Scramble/regexp question

jbclements · November 14, 2024, 7:04pm

I've just started using Ryan Culpepper's scramble/regexp library for constructing regular expressions in a structured way (a la "SRE"s), and I'm liking it a lot. One thing I haven't figured out yet is a nice way to write the regular expression ".", that matches any character. It looks like the right way is with ... well, no, I'm not sure. I think (inject ".") works, but there must be a nicer way?

I should say, having abstraction means I can at least (define-RE dot (inject ".")), or even (define-RE d (inject ".")), so this is not a problem without nice workarounds, but I feel like I must be missing something obvious.

jbclements · November 14, 2024, 7:05pm

p.s.: why not use Alex Shinn's irregex ? Sadly, the performance of the irregex library seems quite a bit worse than the built-in regexp library, in my experience.

shawnw · November 14, 2024, 9:25pm

I think the port of irregex to Racket is badly out of date, too.

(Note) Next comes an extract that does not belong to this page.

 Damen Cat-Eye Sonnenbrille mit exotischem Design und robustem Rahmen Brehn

jbclements · November 14, 2024, 10:08pm

Well, I totally believe that... I'm the maintainer! But I stopped maintaining it when I discovered how much slower it was. Specifically, I think that implementing fast regexps is hard, and chez & racket have done a lot of work on making it fairly fast, and my only issue is with the surface syntax, so I think the approach that Ryan takes, of compiling SRE's into native regexps, is almost certainly the right one.

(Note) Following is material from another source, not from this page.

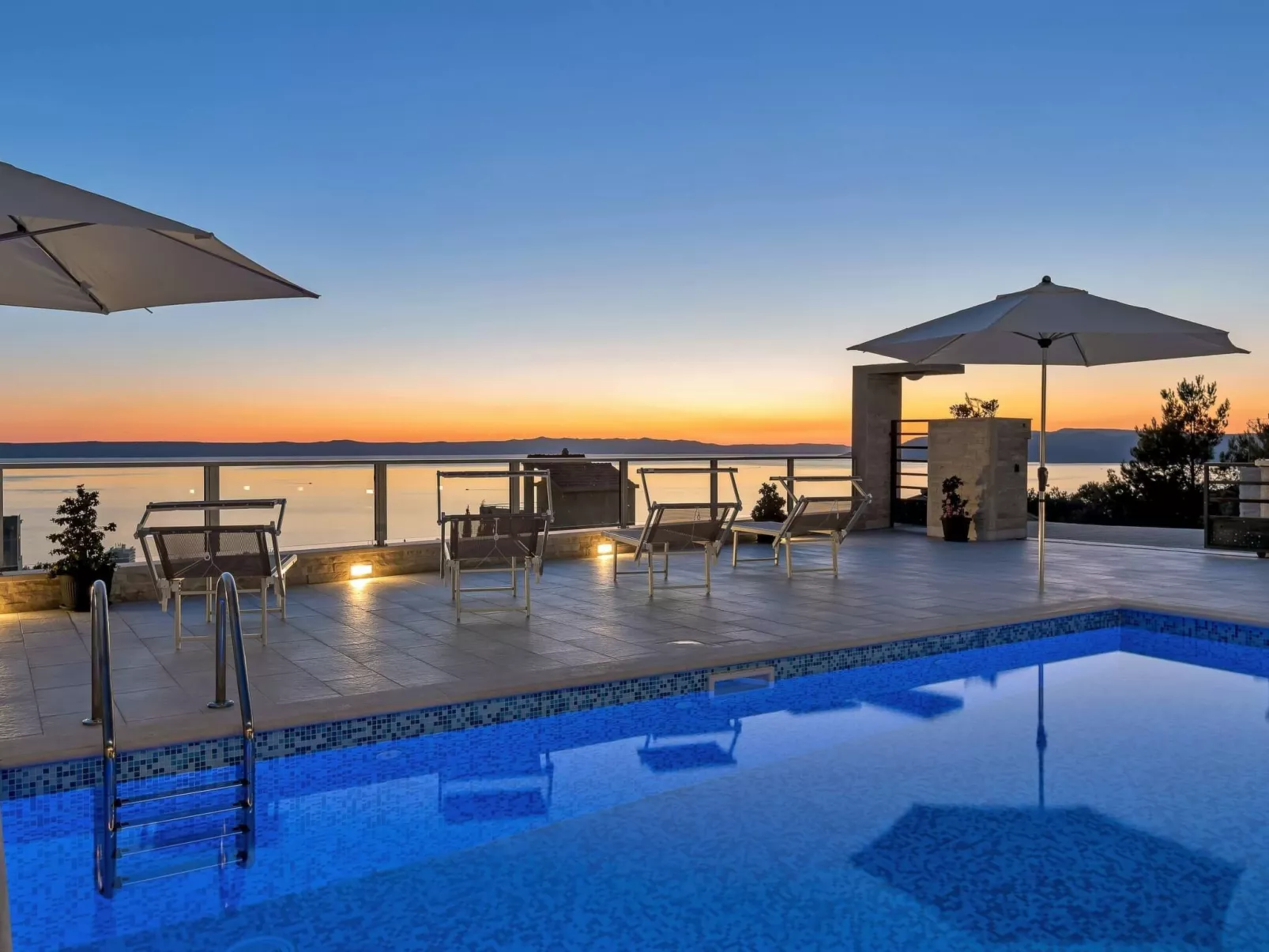 Villa Infinite mit Schwimmbad und Meerblick - Buiten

Ultimately, this is kind of the "cross-platform tools are rarely faster" concept; if irregex came up with a clever way to make regexp matching faster, I'm relatively confident that lower-level implementations, such as the ones attached to chez/racket would use those techniques too, and probably have access to lower-level knobs and dials that can allow them/us to tune things better.

Gambiteer · November 14, 2024, 11:33pm

That's interesting, Gambit just added irregex to the list of distributed libraries.

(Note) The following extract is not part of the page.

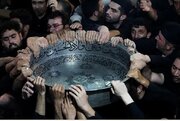 وقتی آب، آغاز عزای حسین(ع) می‌شود؛ روایت طشت‌هایی که بوی فرات می‌دهند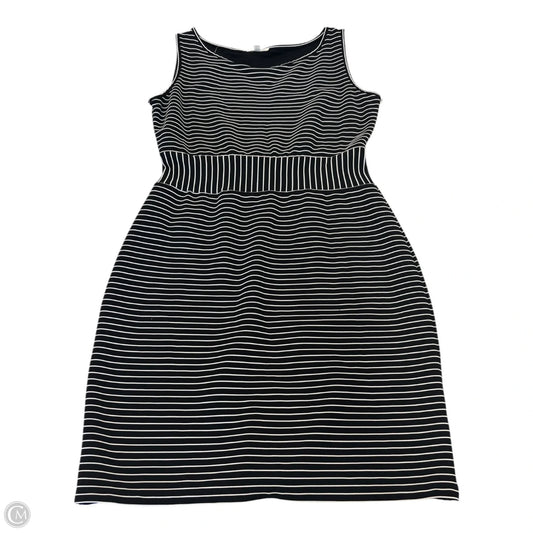 Dress Casual Short By Max Studio In Black & White, Size: M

Does anyone have a set of RE benchmarks that people think are relevant?

jbclements · November 15, 2024, 6:51am

I don't have a benchmark. My personal experience comes from parsing GEDCOM files, an utter abomination of a file format that helps you understand just how terrible things were in the old days, and how hard it is to actually define and stick to a sensible set of conventions. Parsing multi-megabyte gedcom files with irregex was very slow, and parsing them with racket regexps was much faster. It's possible that I was "doing it wrong" somehow in irregex, but I couldn't tell you how.

If you want to see some code that runs (but not a multi-megabyte test file, alas) you can take a look at my racket-gedcom/line-parser.rkt at main · jbclements/racket-gedcom · GitHub repository, which is clearly labeled as essentially a sandbox.

jbclements · November 15, 2024, 6:55am

Also, after spending 15 minutes looking for regexp benchmarks, I'm coming to realize what should have been obvious to me from the start, which is that it might well be the case that regexp engines can be tuned for different structures, lengths of pattern, et cetera. So in fact it might be the case that certain libraries, because of the choices that they make, are much better for certain matching tasks and much worse for others.

ryanc · November 15, 2024, 2:02pm

I don't remember why I didn't include a notation for ".", but it was probably some combination of overlooking it, not needing it, and not knowing what to call it.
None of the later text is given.